Le dico che passavo di lì per caso ed era bellissima e non potevo non portarle dei fiori.
Sorride e sorrido anch'io.
- Lei è troppo gentile. Ma non ci siamo già visti?
- Dice?
Poi non parliamo più.
Sul comodino c'è l'anello che le ho regalato. Ha un sottile strato di polvere e capisco che non lo mette da tanto. E che in quell'ospedale non pulisce nessuno.
Quando si fa tardi esco e saluto in modo cordiale.
- Le fa bene, sa?
Ora è l'infermiera con i capelli rossi che mi parla. Deve aver appena finito di disinfettarsi le mani perché se le sta ancora sfregando.

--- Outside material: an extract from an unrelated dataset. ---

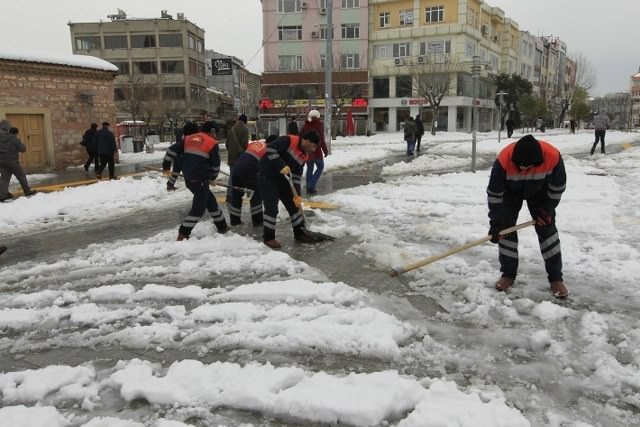 Gebze’de Kar Küreme Çalışmaları Devam Ediyor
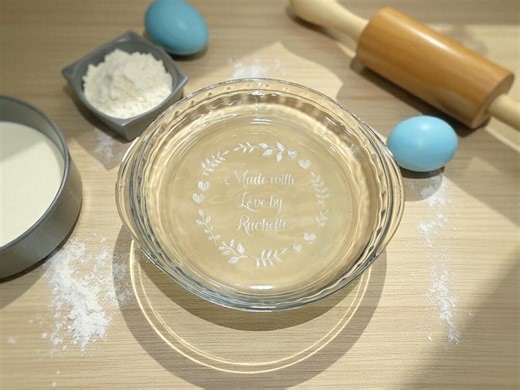 Engraved Pie Plate – Custom Decorative Glass Baking Dish, Personalized Gift - Etsy Canada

- Non ricorda ancora niente?
- Non molto di più. Ma, mi creda, le fa bene che lei venga qui ogni giorno. La vedo più serena quando la vede, e dice sempre che quelli sono i suoi fiori preferiti.
Adesso è buio.
Esco dall'ospedale e prendo un taxi.
L'infermiera ha ragione, penso: lei è ogni giorno più serena, e io ogni giorno un po' più solo.